→ **Task**: Copy out exactly the lines from the first line of the material below through the line containing "Movie still from", and nothing beyond them.

→ **Information given**:

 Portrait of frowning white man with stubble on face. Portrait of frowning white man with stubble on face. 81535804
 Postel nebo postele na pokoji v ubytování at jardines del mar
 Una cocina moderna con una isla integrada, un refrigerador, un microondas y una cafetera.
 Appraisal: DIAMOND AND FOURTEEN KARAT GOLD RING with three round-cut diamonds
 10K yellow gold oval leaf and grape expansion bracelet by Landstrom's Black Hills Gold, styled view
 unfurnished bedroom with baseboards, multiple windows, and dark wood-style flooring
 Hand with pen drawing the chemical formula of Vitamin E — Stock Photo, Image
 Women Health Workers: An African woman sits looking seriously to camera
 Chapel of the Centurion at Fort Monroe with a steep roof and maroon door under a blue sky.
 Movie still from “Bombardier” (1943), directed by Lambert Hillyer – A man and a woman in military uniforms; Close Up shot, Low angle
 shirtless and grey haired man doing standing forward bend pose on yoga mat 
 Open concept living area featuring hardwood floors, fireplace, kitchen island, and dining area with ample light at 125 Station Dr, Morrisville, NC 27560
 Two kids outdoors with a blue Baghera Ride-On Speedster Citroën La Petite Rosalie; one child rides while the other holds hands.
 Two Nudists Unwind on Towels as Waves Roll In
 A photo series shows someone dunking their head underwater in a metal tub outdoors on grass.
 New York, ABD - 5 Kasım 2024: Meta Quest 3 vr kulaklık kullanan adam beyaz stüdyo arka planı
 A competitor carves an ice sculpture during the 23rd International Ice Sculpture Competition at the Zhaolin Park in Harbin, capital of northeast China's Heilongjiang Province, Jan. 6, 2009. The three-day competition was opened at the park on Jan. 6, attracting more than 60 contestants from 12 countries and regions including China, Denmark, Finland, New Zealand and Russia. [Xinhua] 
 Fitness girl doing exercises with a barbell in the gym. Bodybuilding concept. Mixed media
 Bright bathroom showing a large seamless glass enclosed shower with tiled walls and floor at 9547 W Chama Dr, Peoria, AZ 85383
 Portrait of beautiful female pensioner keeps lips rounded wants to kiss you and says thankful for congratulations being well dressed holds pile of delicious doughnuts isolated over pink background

→ **Solution**:
 Portrait of frowning white man with stubble on face. Portrait of frowning white man with stubble on face. 81535804
 Postel nebo postele na pokoji v ubytování at jardines del mar
 Una cocina moderna con una isla integrada, un refrigerador, un microondas y una cafetera.
 Appraisal: DIAMOND AND FOURTEEN KARAT GOLD RING with three round-cut diamonds
 10K yellow gold oval leaf and grape expansion bracelet by Landstrom's Black Hills Gold, styled view
 unfurnished bedroom with baseboards, multiple windows, and dark wood-style flooring
 Hand with pen drawing the chemical formula of Vitamin E — Stock Photo, Image
 Women Health Workers: An African woman sits looking seriously to camera
 Chapel of the Centurion at Fort Monroe with a steep roof and maroon door under a blue sky.
 Movie still from “Bombardier” (1943), directed by Lambert Hillyer – A man and a woman in military uniforms; Close Up shot, Low angle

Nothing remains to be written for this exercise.